# Ruger vs boar



## nukehayes (Sep 22, 2006)

I am planning on buying a GP-100 with a 4" barrel for general plinking, and I was also interested in taking it hunting javelinas/wild boar with it. Does anyone think this would work. .357 is a pretty potent round and I've seen people take these hogs with 9mm luger before. What do ya'll think?


----------



## Baldy (Jun 21, 2006)

I have seen lucky shots too. I have hunt hogs with the .357 and it takes a steady hand and a keen eye to nail them with one shot kills. I perfer a six inch barrel but you could to it with the four. You wound one of these critters don't think he won't come after you as I have seen them do it. Then things get real exciting. Good luck.


----------



## Mike Barham (Mar 30, 2006)

I don't think you'd have any trouble at all killing a javelina with a .357. They're pretty small. A true wild boar is another matter entirely, and I would strongly prefer a .44 Magnum if I couldn't have a .308.


----------



## Mr. P (Sep 16, 2006)

Baldy said:


> I have seen lucky shots too. I have hunt hogs with the .357 and it takes a steady hand and a keen eye to nail them with one shot kills. I perfer a six inch barrel but you could to it with the four. *You wound one of these critters don't think he won't come after you as I have seen them do it. Then things get real exciting. Good luck.*


In a heartbeat!


----------



## Wandering Man (Jul 9, 2006)

I think you'd be safer, better off, happier using the GP 100 for plinking and self defense, and buying a second gun specifically for hunting. 

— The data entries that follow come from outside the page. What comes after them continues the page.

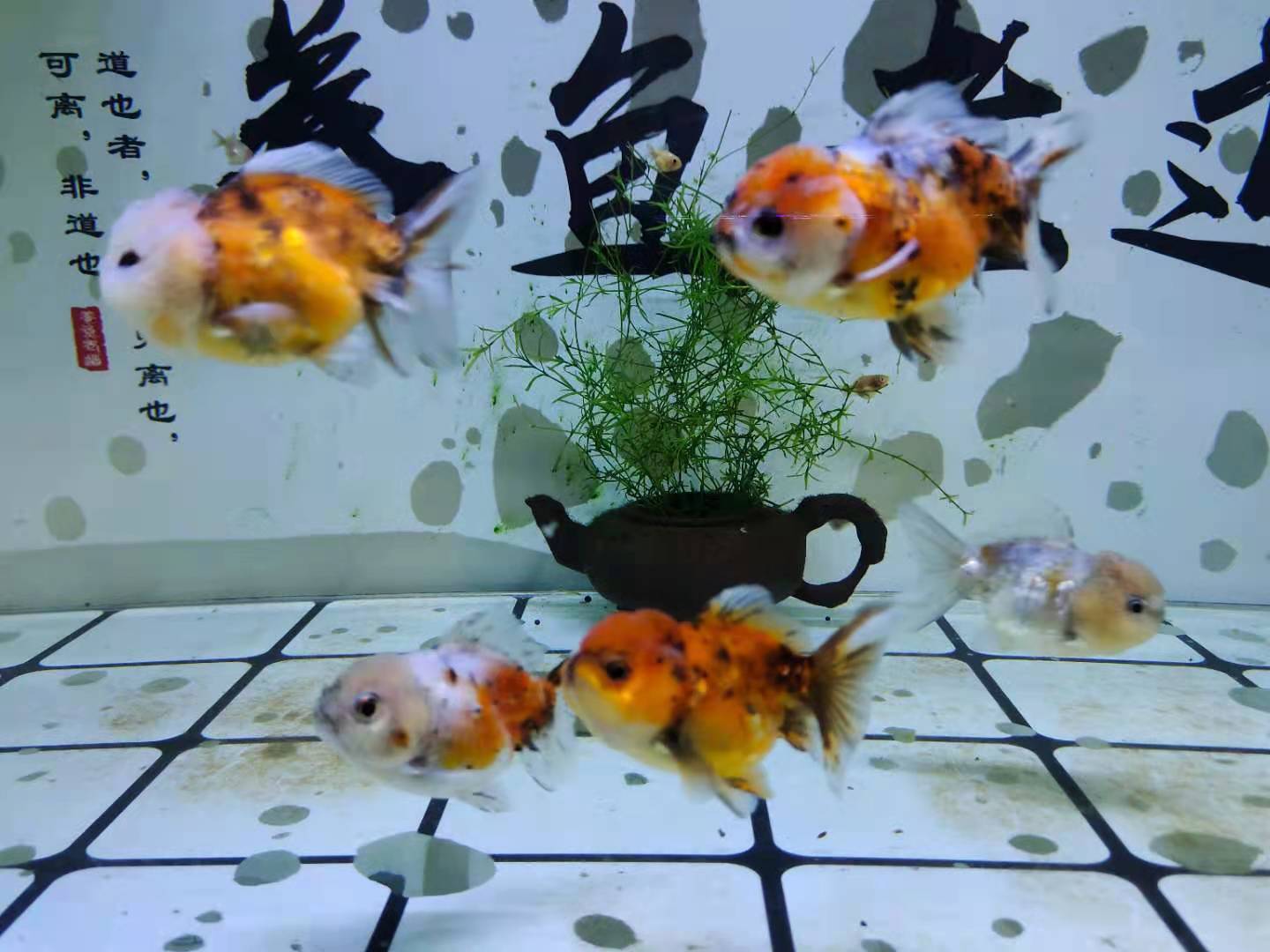 鱼怎么分公母（观赏鱼雌雄鉴别的通用模式）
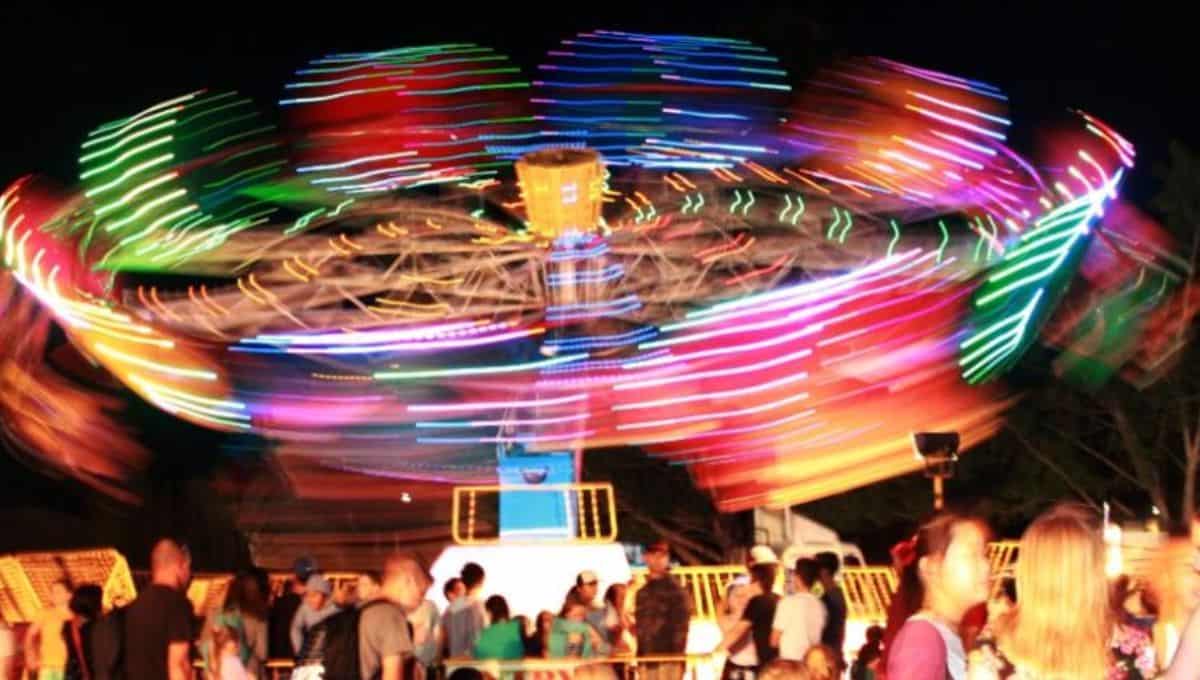 sunnybank multifest
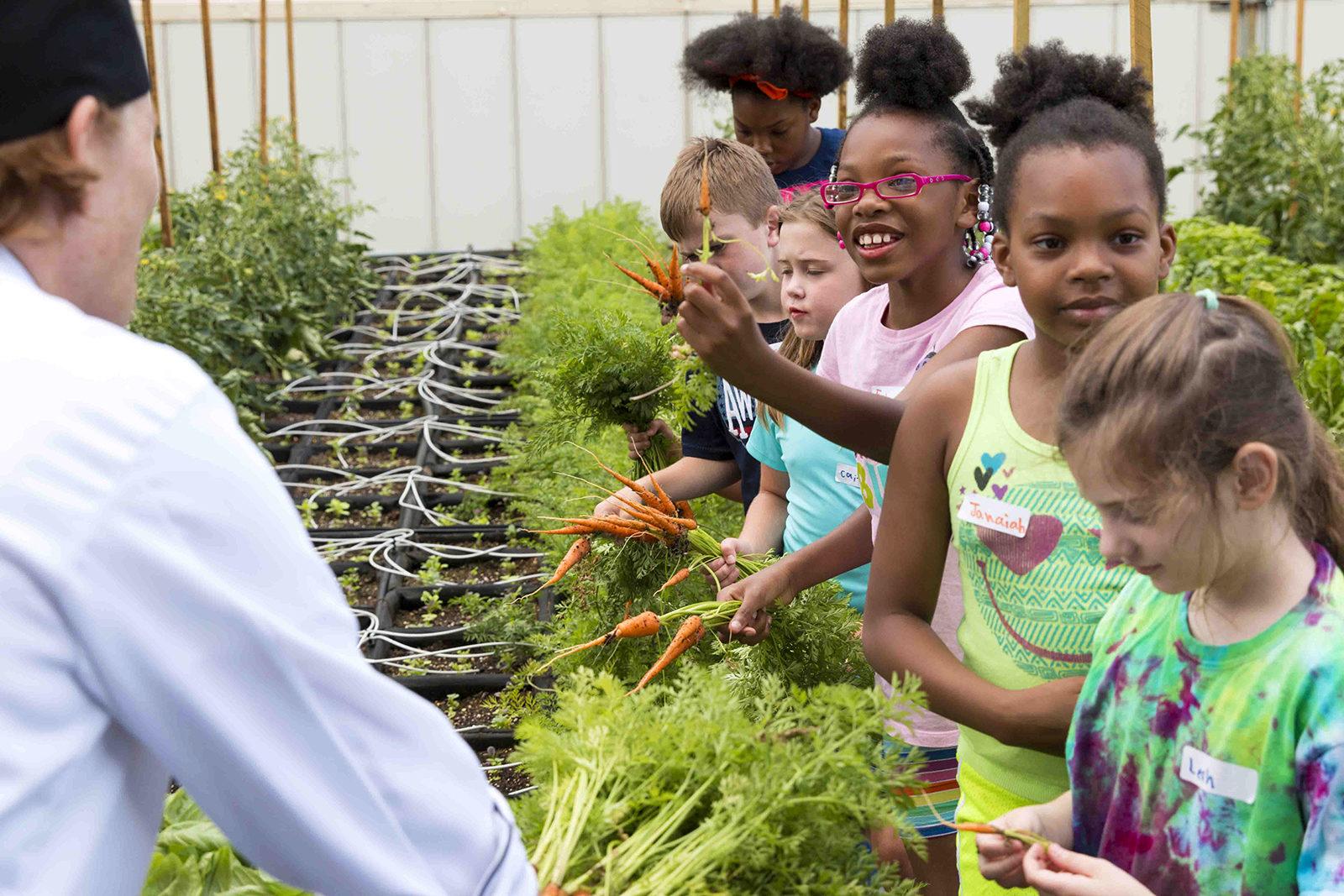 Children in the Boston Medical Center’s Summer Culinary Camp harvest produce on the BMC's green roof. PHOTO COURTESY MATT MORRIS/ BOSTON MEDICAL CENTER
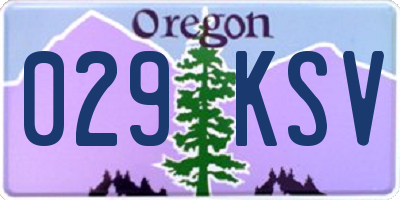 OR license plate 029KSV
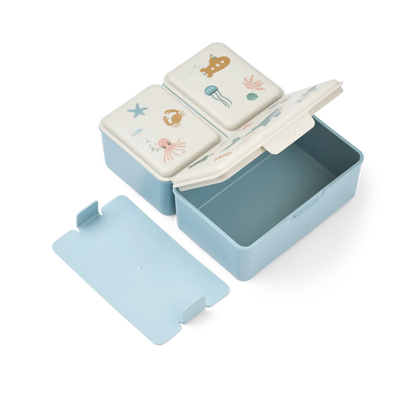 Brotbox  - Driss Lunchbox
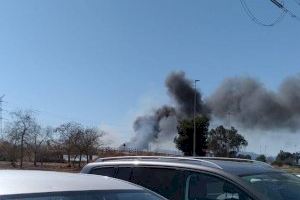 Se declara un incendio de vegetación junto a la Ciudad del Transporte de Castellón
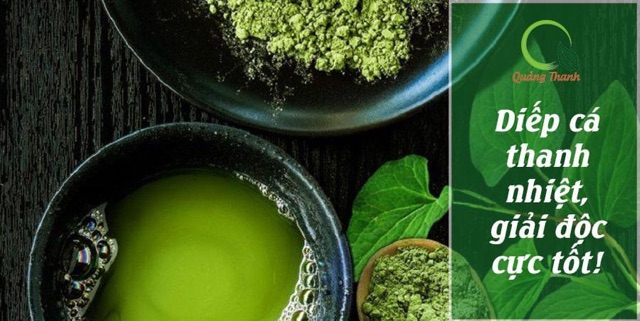Bột Diếp Cá Sấy Lạnh Nguyên Chất Hộp 50g - Hỗ trợ mát gan, Táo Bón, Làm Đẹp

Some things can be a successful compromise, but I'd hate to be looking at an angry, charging boar with just a GP 100 between me and the fast running Boar.

Unless your already safely up in a tree.

WM


----------



## nukehayes (Sep 22, 2006)

I think it would be really exciting, and I'll make sure there's a tree(climable) very close to me.


----------



## tex45acp (May 26, 2006)

If you are going to use your .357mag for hog hunting....at least use the largest bullet out there that is a jacketed hollow point. I have taken several big feral hogs, here in Texas, with Federals 180gr. JHP out of the 8" Python I had back then. The bullet mushrooms quite nicely and rolls'em like they were hit with a truck. The biggest I took was about 375# on the hoof.

tex


----------



## spacedoggy (May 11, 2006)

nukehayes said:


> I think it would be really exciting, and I'll make sure there's a tree(climable) very close to me.


I think it would be really exciting if you use a knife.


----------